How do we engage in a capitalist framework based on scarcity, extraction and fear and still expect to create beauty for ourselves and those we love? How do we resist the deadly pull to produce and become content (I hate that word) in an economy that tells us we’re only as valuable as our last big click generator? Even as I quietly and civilly rage against the machine, it’s impossible not to notice how it eats me and feeds me back to myself. It’s an ugly process made to look sleek and appealing. It’s a wildly efficient robbery; always underway where everyone’s a perpetrator and witness at the same time. We stay busy. We stay busied.
Writing trouble, writing trouble; trouble writing, trouble writing. Where is the emphasis? What seems to be the trouble? The trouble is neither paucity nor order of words; trouble defines the context into which the words are released. The trouble is the world we inhabit. The trouble is in the world we’ve created. The trouble is in us. The trouble is us. We are the trouble. The writing speaks of trouble. The writing shows the trouble. Trouble shapes the writing. The writing consumes trouble. Trouble consumes the writing. Writing made of trouble. Writing made for trouble. Writing trouble is not the same as trouble writing. Troubling trouble while writing writing, we create an illusion. Maybe it matters. Trouble writing no longer an illusion but a fact.

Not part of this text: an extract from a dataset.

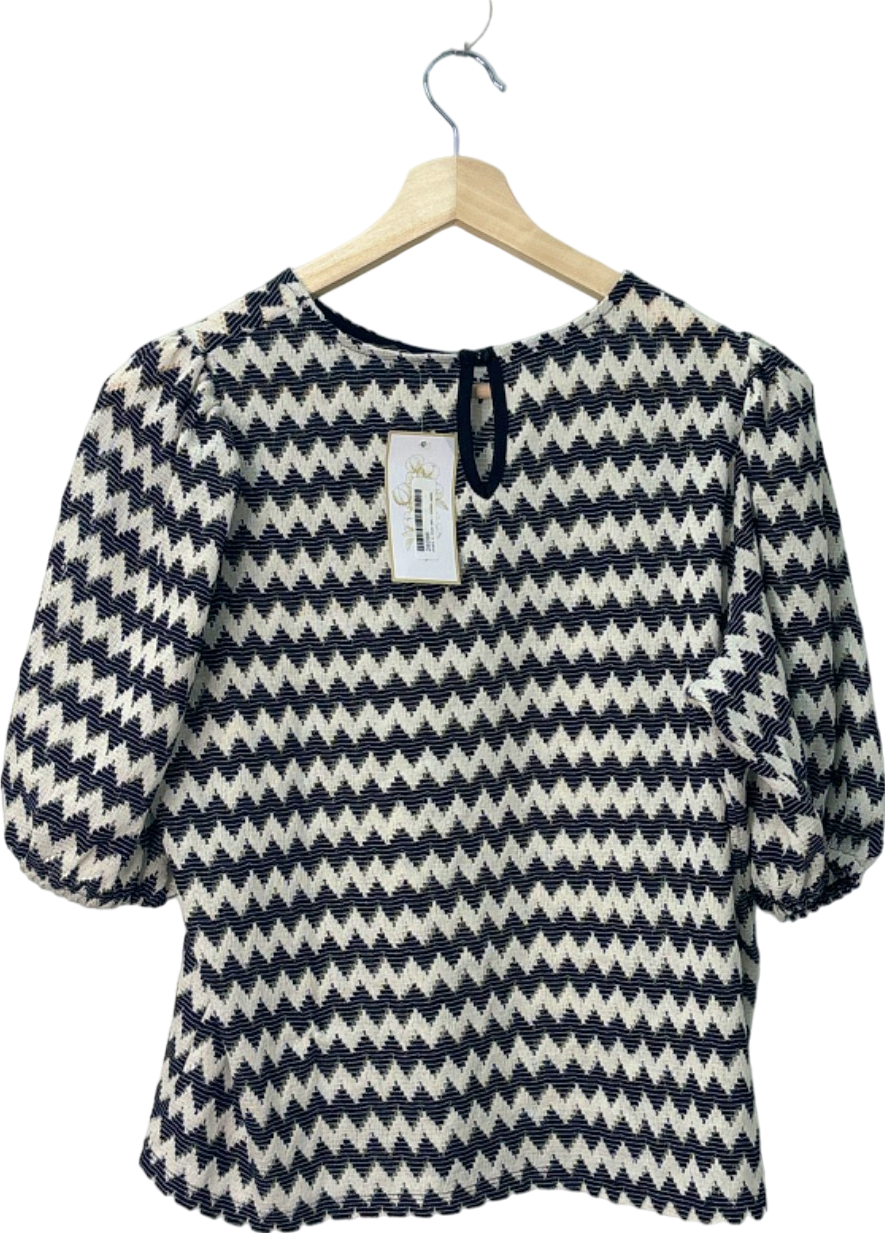 V By Very Black/White Zigzag Patterned Top UK 18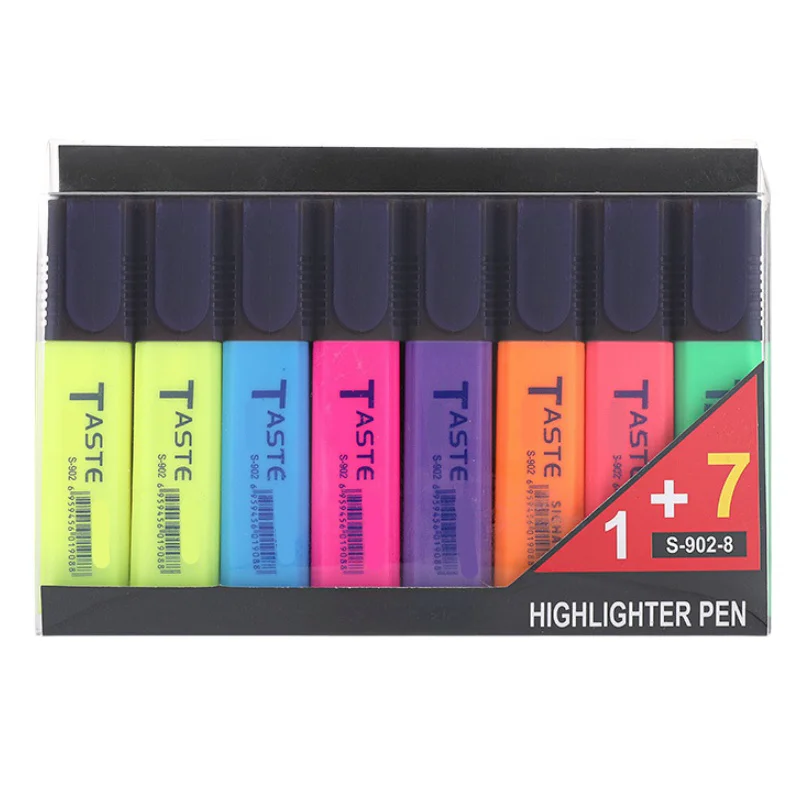 7+1 Pack Highlighter Marker Pens - Bright Neon Colors, Water-Based Non-Bleed Ink, for School and Office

Repeating, repeating, repeating, repeating, repeating. Repetition may not save us. Repetition, though, shows us patterns. Repetition can help us see and then unsee. Help us hear and then unhear. Repetition can take us to clarity. Kicking and screaming, if necessary. Repetition got patience. Repetition can hold the note. Repetition will wait you out. Repetition been down this road before. Repetition ain’t afraid of you. Repetition knows its purpose. Repetition never forgets. Repetition is a song that keeps singing. Repetition is a beat that keeps beating. Repetition is a breath that keeps breathing. Repetition is neither the beginning or the end. Repetition keeps going. Sometimes we need to follow.
Writing here, now, becomes a release valve. A relief release. A loosening of the shoulders, an unclenching of the jaw. I am not free but at ease. It’s a start, a return, a diversion, a turn, an entry, a temporary arrival.
56 opportunities to say a thing, more than less, perhaps enough
Born, yes, in Cleveland. A negro of negroes. Documented.
Raised right, in the church Lutheran and steadfast
We lived down the street and had the extra key to St Philip's.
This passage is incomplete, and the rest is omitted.